They join three existing interactive Ofcom maps published earlier this year which examined broadband speeds, potential local TV coverage and mobile phone base stations.
With the mobile coverage map, each of the 200 areas of the UK has been ranked according to a score given for coverage and colour coded with green ranking highest and red lowest.
Ofcom’s data shows considerably better household coverage compared with geographic coverage.
This is because mobile providers tend to prioritise investment in network infrastructure where the maximum number of consumers and businesses can be served.
The maps show that 97% of premises and 66% of the UK landmass can receive a 2G signal outdoors from all four 2G networks.
2G coverage is suitable for making calls and sending text messages.
This means that approximately 900,000 UK premises do not have a choice of all four 2G mobile networks.
For 3G – which enables you to watch videos and TV and access the internet through your mobile phone – 73% of premises and 13% of the UK’s landmass can receive a signal outdoors from all five 3G networks, with lower coverage in less densely populated areas.
This means that approximately 7.7million UK premises do not have a choice of all five 3G mobile networks.
The areas of lowest 3G geographic coverage are in the highlands of Scotland and mid-Wales which are both sparsely populated with hilly terrain.
Ofcom is currently working closely with the Government to consider how the £150m that it has allocated to help address mobile not-spots, can deliver the greatest benefits for UK consumers. Working to address mobile not-spots is one of Ofcom’s priorities as set out in its 2011/12 annual plan.
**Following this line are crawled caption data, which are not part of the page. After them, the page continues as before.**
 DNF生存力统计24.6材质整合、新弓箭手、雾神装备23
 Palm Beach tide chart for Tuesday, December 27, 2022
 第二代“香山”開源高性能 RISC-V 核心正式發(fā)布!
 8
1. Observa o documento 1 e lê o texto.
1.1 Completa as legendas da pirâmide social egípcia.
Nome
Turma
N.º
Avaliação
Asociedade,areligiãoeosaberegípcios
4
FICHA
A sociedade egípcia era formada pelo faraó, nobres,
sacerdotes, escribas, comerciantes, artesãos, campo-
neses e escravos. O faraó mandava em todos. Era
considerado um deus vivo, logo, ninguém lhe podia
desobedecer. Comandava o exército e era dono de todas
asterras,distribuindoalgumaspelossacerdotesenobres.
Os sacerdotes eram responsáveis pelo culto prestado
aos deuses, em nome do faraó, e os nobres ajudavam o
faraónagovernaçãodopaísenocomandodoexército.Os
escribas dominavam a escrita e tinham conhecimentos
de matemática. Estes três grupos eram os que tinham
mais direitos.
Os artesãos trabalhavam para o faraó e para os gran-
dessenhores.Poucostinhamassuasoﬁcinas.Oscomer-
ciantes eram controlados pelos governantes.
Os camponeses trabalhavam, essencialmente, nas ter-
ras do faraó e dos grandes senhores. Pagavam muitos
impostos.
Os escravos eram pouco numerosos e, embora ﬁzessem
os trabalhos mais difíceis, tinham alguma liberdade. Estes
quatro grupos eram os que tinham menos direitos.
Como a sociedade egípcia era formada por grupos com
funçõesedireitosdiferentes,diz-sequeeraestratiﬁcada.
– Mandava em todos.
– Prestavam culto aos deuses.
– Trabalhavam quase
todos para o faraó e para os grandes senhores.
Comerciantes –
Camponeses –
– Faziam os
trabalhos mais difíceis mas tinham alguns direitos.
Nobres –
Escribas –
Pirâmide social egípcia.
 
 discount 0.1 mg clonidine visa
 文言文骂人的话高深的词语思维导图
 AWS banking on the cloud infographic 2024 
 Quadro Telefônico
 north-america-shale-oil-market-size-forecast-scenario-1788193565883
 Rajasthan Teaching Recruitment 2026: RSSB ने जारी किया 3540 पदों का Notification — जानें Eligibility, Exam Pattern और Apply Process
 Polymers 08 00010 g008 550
The maps are part of Ofcom’s first report on the UK’s communications infrastructure which it is now required to submit to the Secretary of State for Culture, Media and Sport every three years.
The report gives a snapshot of the UK’s communications infrastructure and provides a base against which Ofcom can measure for subsequent reports.
Ofcom’s Chief Technology Officer, Steve Unger, said: ‘This is our first report to the Government on the UK’s communications infrastructure. We hope it will be a useful reference point for interested parties, particularly in the light of the recent Government funding package of £150million to help address mobile not-spots.
‘Ofcom welcomes feedback from all stakeholders, particularly around whether there are others areas it should consider for future reports in order to build up the most complete picture of the UK’s communications infrastructure. Over the next 12 months, we expect there to be continued rapid growth in availability of super-fast broadband services and data use, and we aim to publish an update on this next summer.’
Each of the mobile networks have coverage checkers which can give you an indication of 2G and 3G coverage according to your postcode.
You simply enter the postcodes of your home, office and anywhere else where you know you’ll depend on good coverage. The site should then give you a guide as to what you can expect.